EXERCISE OBJECTIVE: From the records below, copy each line in which the string "Pink" occurs.
---------- EXERCISE DATA
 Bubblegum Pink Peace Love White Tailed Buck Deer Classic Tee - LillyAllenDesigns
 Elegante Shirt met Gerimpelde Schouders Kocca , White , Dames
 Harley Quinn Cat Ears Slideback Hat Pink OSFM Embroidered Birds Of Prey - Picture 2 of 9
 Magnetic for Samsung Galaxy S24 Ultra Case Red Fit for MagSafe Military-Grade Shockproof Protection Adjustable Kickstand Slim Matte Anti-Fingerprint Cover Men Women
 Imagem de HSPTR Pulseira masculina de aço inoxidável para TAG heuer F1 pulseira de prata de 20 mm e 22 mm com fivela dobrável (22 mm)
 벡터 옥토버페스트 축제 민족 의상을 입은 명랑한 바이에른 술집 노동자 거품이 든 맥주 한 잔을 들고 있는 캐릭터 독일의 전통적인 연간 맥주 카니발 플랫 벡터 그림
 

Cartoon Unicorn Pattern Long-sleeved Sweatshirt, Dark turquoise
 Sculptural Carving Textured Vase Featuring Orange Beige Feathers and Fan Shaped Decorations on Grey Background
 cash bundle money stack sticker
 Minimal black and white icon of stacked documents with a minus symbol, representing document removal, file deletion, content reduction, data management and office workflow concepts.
--------------------
---------- EXERCISE DATA
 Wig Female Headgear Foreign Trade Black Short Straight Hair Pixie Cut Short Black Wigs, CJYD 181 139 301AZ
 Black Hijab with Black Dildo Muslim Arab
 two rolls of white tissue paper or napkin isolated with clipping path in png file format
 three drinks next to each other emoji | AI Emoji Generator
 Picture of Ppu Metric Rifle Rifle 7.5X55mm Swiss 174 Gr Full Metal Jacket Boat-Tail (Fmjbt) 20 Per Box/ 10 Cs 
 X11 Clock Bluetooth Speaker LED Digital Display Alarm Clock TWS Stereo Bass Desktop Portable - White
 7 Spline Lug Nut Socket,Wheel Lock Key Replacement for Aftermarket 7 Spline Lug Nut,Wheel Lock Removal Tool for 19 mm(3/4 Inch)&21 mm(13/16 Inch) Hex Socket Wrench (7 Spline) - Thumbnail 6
--------------------
---------- EXERCISE DATA
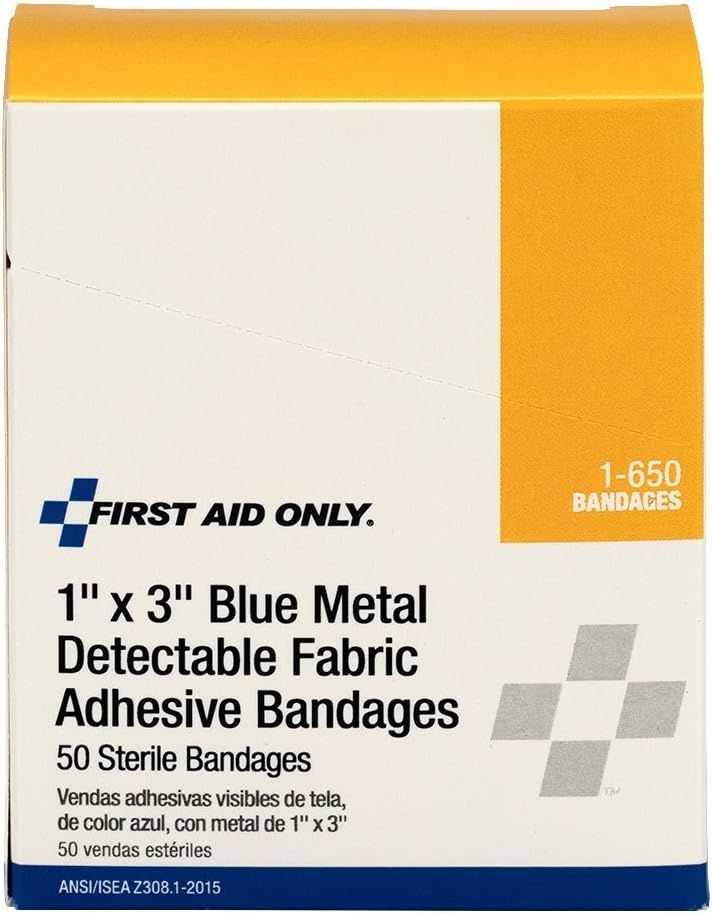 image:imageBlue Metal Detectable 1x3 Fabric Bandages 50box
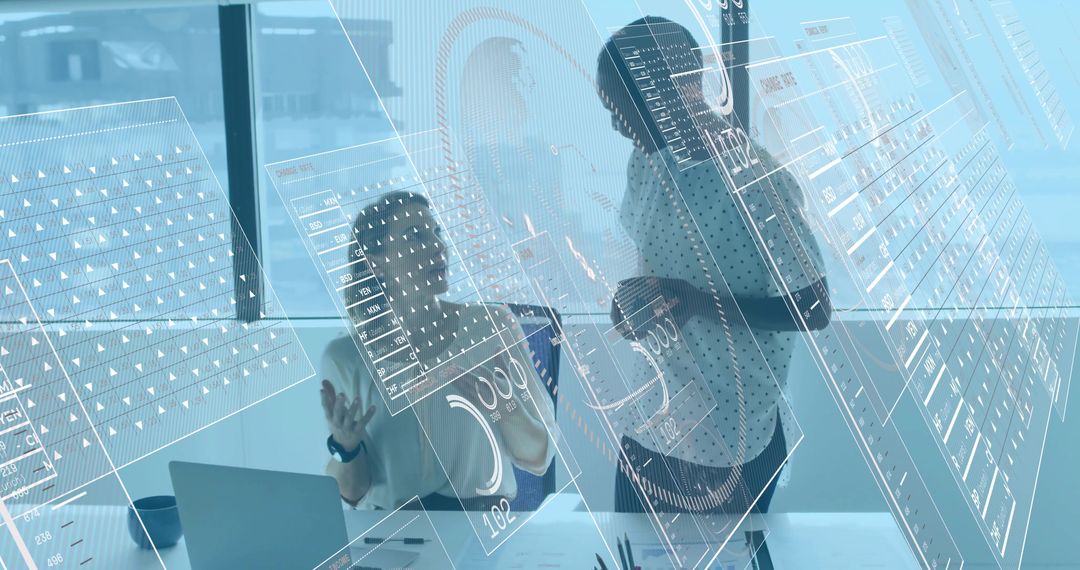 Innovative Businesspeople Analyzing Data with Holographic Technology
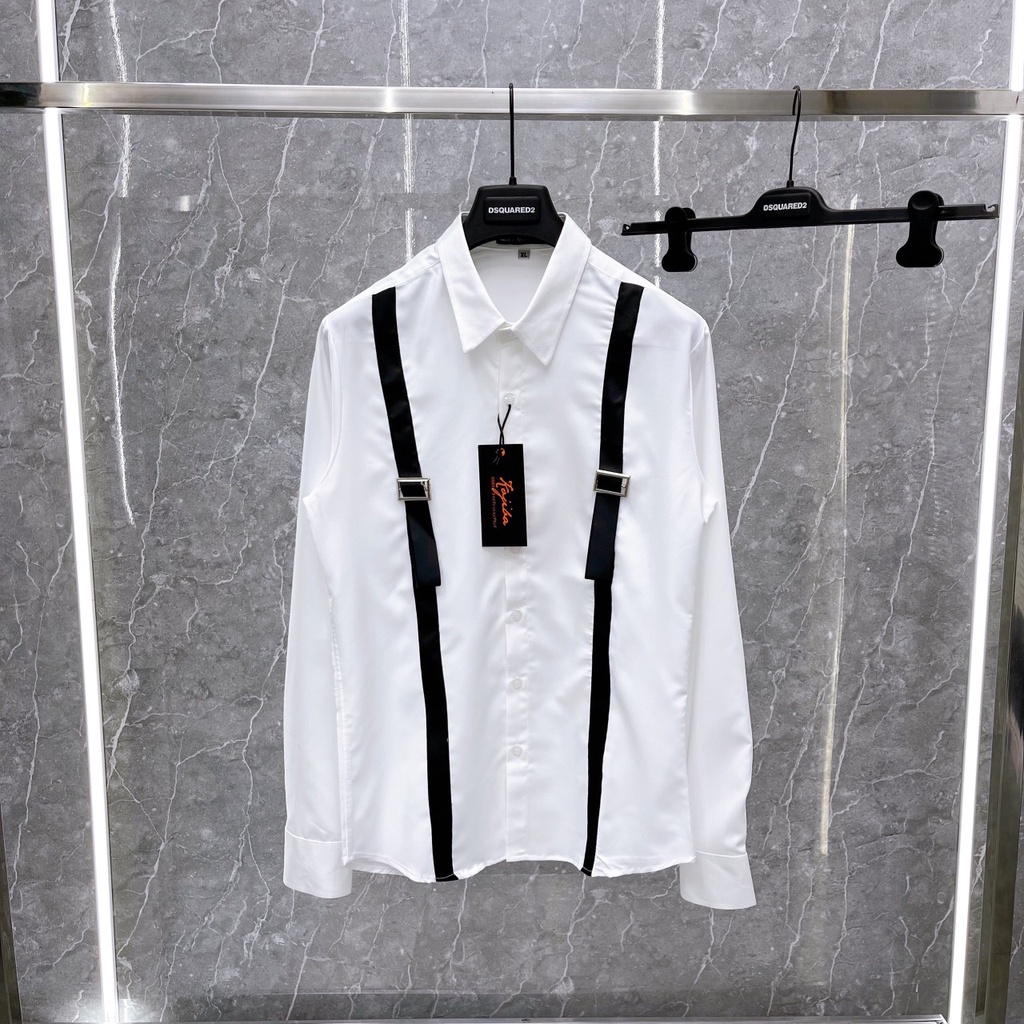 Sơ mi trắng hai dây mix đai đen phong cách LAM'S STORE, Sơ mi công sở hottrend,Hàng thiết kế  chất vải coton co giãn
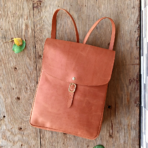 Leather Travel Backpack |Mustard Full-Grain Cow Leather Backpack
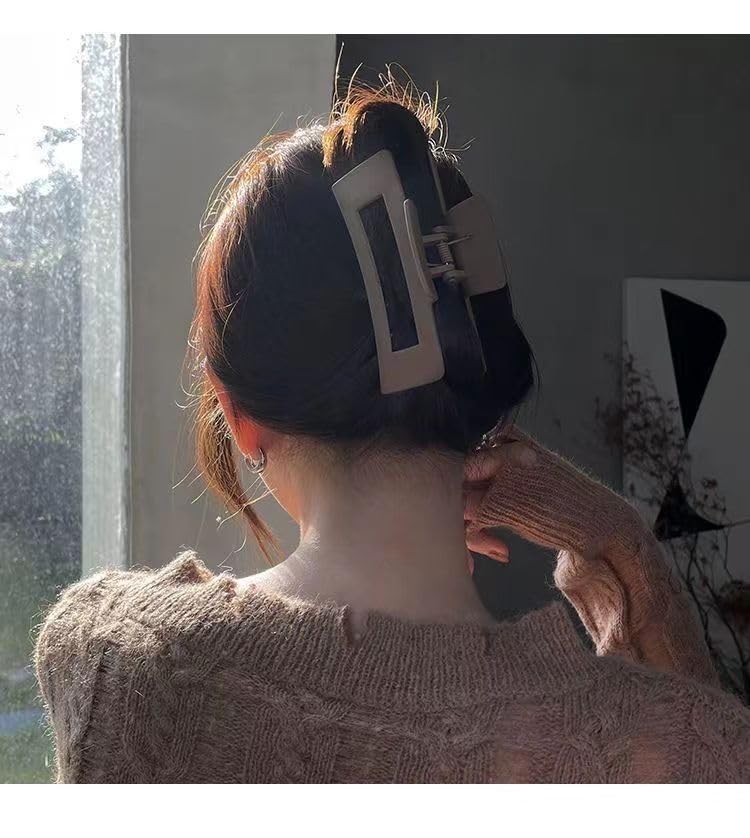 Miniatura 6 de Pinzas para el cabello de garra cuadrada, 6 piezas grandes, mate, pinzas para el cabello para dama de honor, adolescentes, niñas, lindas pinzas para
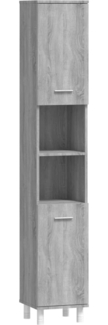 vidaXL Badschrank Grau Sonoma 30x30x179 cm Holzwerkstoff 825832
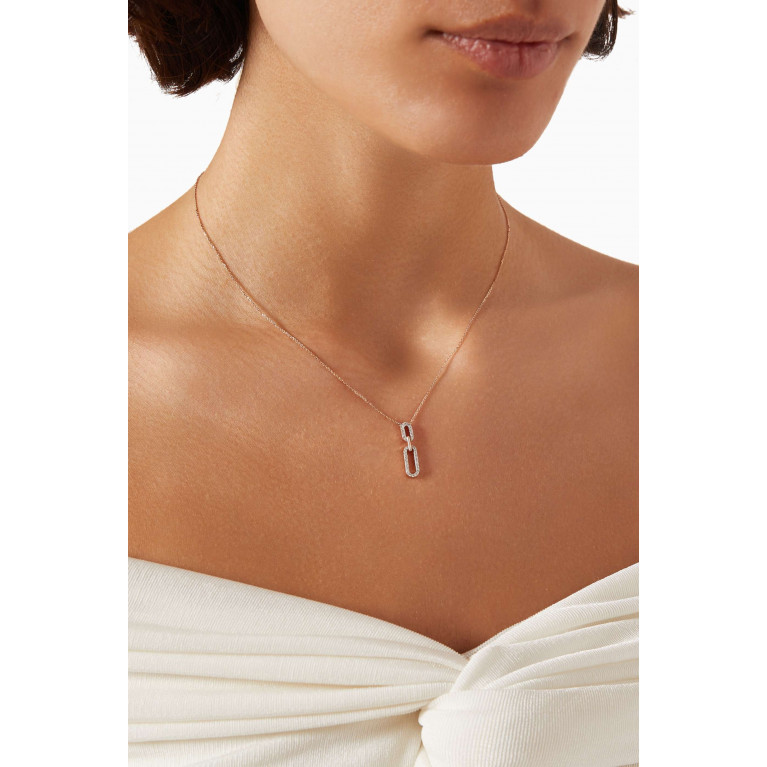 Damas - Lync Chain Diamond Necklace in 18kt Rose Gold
--------------------
WRITTEN RESPONSE:
 Bubblegum Pink Peace Love White Tailed Buck Deer Classic Tee - LillyAllenDesigns
 Harley Quinn Cat Ears Slideback Hat Pink OSFM Embroidered Birds Of Prey - Picture 2 of 9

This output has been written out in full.